Lorenzo Sarti (attivo in Emilia e in Veneto dal 1722 al 1751)
La Trinità con l’Angelo Custode, e i santi Filippo Benizzi, Francesco da Paola, Filippo Neri e Carlo Borromeo
La Beata Vergine tra santa Caterina d’Alessandria e il Cristo Portacroce, con i santi Agostino, Domenico e Tommaso d’Aquino
Di questi due importanti altorilievi in terracotta, riportati alla calda cromia della creta da un recentissimo restauro che ha loro restituito anche l’intensità plastica del modellato, non conosciamo la provenienza né tantomeno la storia collezionistica. L’analisi formale induce a ricondurli nell’alveo della scuola nata entro le mura felsinee nella prima metà del Settecento, sotto l’egida dapprima di Giuseppe Maria Mazza e in seguito del primo allievo di questi, Angelo Gabriello Piò.
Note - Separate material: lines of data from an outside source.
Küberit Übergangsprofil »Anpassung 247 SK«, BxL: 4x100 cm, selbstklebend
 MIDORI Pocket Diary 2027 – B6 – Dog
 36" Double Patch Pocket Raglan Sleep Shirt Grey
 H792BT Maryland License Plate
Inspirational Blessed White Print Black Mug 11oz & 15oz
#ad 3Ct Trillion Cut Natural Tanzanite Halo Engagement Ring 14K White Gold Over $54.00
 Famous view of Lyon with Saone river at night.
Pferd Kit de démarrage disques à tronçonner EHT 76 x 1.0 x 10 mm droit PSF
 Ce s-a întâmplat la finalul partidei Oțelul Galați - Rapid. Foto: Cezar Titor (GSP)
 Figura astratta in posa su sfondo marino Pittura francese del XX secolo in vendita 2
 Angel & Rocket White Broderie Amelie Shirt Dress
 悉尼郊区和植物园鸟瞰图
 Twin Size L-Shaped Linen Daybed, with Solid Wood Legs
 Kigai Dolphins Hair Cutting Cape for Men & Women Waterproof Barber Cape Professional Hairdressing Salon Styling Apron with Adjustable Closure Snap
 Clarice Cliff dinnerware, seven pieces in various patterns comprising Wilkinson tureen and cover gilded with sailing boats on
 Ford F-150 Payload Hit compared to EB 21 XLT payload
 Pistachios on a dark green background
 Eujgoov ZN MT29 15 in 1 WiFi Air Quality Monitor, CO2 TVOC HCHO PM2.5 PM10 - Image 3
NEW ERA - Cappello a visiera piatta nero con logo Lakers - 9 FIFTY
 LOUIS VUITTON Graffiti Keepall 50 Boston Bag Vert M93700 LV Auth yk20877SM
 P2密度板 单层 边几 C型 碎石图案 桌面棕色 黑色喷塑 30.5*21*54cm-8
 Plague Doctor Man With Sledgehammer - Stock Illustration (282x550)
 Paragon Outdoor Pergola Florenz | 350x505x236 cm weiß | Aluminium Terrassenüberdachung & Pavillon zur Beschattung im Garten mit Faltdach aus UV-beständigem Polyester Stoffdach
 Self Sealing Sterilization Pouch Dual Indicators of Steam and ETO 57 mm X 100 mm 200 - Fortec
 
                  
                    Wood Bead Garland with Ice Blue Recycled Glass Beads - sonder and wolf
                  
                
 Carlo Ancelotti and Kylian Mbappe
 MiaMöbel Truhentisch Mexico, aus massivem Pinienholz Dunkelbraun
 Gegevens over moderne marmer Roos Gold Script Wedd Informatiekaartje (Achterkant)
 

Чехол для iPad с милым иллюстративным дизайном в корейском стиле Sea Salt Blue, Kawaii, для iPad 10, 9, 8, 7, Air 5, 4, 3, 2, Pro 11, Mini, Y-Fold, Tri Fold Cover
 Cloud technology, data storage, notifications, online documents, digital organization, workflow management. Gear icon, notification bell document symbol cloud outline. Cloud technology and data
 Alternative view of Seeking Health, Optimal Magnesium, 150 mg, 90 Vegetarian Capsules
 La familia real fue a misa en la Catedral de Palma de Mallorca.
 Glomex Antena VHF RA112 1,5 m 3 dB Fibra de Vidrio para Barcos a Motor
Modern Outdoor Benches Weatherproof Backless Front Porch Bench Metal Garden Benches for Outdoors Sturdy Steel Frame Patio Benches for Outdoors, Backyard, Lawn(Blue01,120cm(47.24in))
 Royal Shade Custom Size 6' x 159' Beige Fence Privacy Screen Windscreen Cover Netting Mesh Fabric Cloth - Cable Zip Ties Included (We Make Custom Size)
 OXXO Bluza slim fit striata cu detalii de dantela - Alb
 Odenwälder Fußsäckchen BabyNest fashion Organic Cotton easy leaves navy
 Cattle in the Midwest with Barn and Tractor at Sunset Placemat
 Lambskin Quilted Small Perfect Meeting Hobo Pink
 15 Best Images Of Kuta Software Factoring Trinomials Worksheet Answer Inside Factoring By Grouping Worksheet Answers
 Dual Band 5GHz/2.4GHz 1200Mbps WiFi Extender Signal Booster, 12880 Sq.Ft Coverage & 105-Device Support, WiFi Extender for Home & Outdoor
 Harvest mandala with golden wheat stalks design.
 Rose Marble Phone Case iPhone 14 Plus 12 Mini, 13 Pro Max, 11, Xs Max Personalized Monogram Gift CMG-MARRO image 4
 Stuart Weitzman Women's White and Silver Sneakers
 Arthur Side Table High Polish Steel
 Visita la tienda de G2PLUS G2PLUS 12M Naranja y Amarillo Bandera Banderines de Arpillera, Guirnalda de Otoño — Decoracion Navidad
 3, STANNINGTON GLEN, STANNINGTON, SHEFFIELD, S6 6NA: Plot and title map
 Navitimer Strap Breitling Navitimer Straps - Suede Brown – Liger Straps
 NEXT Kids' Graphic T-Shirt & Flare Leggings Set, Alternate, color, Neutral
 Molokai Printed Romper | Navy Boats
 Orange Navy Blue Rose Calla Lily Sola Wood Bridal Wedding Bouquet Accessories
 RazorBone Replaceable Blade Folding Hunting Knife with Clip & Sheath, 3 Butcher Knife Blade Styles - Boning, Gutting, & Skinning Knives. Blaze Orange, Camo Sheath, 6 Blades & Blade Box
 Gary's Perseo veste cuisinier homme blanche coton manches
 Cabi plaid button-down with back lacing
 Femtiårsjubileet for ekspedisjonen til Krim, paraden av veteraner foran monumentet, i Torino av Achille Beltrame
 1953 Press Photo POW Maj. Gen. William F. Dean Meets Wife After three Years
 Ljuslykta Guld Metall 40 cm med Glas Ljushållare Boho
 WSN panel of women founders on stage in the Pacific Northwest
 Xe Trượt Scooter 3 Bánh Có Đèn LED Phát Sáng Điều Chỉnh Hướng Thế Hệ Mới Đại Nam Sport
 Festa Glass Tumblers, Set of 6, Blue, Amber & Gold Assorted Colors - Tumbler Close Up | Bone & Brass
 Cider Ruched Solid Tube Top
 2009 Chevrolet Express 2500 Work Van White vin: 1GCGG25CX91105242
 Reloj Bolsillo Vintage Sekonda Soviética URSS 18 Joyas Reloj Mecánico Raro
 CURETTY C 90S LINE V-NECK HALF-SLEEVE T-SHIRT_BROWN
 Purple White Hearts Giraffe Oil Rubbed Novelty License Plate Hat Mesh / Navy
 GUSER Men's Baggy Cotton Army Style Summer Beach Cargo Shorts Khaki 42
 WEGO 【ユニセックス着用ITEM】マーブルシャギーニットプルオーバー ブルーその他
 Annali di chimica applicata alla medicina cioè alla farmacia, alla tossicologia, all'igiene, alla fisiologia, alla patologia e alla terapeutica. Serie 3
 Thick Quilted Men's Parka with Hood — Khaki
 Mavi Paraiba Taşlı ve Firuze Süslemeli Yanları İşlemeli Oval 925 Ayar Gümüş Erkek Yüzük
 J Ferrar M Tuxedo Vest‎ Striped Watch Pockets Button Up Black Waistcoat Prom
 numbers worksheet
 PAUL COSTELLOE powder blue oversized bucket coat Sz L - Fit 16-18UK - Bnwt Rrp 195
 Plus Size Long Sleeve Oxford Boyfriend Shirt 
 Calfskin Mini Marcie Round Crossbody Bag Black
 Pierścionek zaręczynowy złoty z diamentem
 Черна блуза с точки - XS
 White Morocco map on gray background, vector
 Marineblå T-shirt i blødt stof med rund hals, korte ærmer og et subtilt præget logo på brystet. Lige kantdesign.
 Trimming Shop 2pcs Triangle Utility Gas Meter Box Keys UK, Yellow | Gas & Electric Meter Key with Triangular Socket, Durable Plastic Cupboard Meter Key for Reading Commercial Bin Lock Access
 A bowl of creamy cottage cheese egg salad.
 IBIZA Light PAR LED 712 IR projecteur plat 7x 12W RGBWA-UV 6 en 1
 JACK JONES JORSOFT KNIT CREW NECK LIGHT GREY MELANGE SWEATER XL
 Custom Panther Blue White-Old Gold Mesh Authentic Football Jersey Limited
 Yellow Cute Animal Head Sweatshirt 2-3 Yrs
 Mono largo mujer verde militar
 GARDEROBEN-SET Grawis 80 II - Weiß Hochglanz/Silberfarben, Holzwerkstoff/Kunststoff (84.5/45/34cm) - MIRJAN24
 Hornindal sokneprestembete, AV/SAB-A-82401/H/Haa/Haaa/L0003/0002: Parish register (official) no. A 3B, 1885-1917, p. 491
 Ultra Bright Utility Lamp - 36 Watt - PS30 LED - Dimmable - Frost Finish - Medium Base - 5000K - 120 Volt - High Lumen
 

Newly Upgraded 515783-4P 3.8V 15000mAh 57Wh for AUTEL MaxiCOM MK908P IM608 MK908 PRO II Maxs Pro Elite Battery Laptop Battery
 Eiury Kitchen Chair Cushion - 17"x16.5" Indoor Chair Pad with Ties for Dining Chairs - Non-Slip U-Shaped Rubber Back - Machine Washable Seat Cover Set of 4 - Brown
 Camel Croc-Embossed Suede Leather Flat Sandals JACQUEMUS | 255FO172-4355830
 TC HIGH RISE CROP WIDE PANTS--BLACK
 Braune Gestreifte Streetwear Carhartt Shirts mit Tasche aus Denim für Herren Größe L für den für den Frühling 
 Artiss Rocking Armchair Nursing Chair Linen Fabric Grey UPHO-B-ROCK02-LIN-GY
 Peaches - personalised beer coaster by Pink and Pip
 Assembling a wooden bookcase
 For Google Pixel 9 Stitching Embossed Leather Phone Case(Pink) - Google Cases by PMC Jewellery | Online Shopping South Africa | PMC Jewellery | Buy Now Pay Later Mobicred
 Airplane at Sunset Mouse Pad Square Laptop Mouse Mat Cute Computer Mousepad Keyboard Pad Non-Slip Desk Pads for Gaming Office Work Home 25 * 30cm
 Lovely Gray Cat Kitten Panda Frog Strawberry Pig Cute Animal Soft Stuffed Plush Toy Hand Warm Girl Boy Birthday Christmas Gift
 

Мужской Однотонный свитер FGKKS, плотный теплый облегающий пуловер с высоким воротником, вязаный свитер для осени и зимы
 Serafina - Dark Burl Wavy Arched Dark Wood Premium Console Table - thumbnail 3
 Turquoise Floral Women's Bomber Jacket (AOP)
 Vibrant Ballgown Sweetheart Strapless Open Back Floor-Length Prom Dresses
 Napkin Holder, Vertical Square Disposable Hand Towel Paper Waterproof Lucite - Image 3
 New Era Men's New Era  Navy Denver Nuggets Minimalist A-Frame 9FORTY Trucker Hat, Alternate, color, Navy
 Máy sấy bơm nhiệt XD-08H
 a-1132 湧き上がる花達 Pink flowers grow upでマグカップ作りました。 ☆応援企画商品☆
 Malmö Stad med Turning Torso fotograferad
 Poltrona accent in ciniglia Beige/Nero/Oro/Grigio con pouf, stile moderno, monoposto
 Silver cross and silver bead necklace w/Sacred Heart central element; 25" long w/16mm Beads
I due rilievi, di formato rettangolare, dovettero probabilmente essere concepiti quali pendant: essipresentano infatti dimensioni analoghe e un medesimo impaginato che prevede una struttura piramidale con al vertice un gruppo sacro, e nella parte inferiore, disposte secondo un modulo ordinato e simmetricamente tripartito, che raffigura schiere di Santi descritti con un lessico devozionale e didascalico.